[Mesa-dev] [PATCH] i965/nir: do int64 lowering before optimization

Sun Feb 4 18:58:45 UTC 2018

On Wed, Dec 13, 2017 at 11:21 PM, Iago Toral <itoral at igalia.com> wrote:
> On Tue, 2017-12-12 at 08:20 +0100, Iago Toral wrote:
>
> On Mon, 2017-12-11 at 08:01 -0800, Jason Ekstrand wrote:
>
> On Mon, Dec 11, 2017 at 12:55 AM, Iago Toral <itoral at igalia.com> wrote:
>
> This didn't get any reviews yet. Any takers?
>
> On Fri, 2017-12-01 at 13:46 +0100, Iago Toral Quiroga wrote:
>> Otherwise loop unrolling will fail to see the actual cost of
>> the unrolling operations when the loop body contains 64-bit integer
>> instructions, and very specially when the divmod64 lowering applies,
>> since its lowering is quite expensive.
>>
>> Without this change, some in-development CTS tests for int64
>> get stuck forever trying to register allocate a shader with
>> over 50K SSA values.

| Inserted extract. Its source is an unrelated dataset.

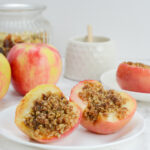 air fryer apples on a white serving plate with container of honey at back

The large number of SSA values is the result
>> of NIR first unrolling multiple seemingly simple loops that involve
>> int64 instructions, only to then lower these instructions to produce
>> a massive pile of code (due to the divmod64 lowering in the unrolled
>> instructions).
>>
>> With this change, loop unrolling will see the loops with the int64
>> code already lowered and will realize that it is too expensive to
>> unroll.
>
>
> Hrm... I'm not quite sure what I think of this.  I put it after nir_optimize
> because I wanted opt_algebraic to be able to work it's magic and hopefully
> remove a bunch of int64 ops before we lower them.  In particular, we have
> optimizations to remove integer division and replace it with shifts.
> However, loop unrolling does need to happen before lower_indirect_derefs so
> that lower_indirect_derefs will do as little work as possible.
>
> This is a bit of a pickle...  I don't really want to add a third
> brw_nir_optimize call.  It probably wouldn't be the end of the world but it
> does add compile time.
>
> One crazy idea which I don't think I like would be to have a quick pass that
> walks the IR and sees if there are any 64-bit SSA values.  If it does, we
> run brw_nir_optimize without loop unrolling then 64-bit lowering and then we
> go into the normal brw_nir_optimize.
>
>
> With the constraints you mention above, I am not sure that we have many more
> options... what if we always run opt_algebraic first followed by int64
> lowering before the first nir_optimize? That would only add an extra
> opt_algebraic instead of a full nir_optimize. Would that be better than
> adding that 64-bit SSA scan pre-pass?
>
>
> We still need to make a decision for this, does my proposal sound better
> than than the other options on the table? If not I guess we should go with
> the 64-bit SSA scan pre-pass.

Realized I never responded to this -- sorry.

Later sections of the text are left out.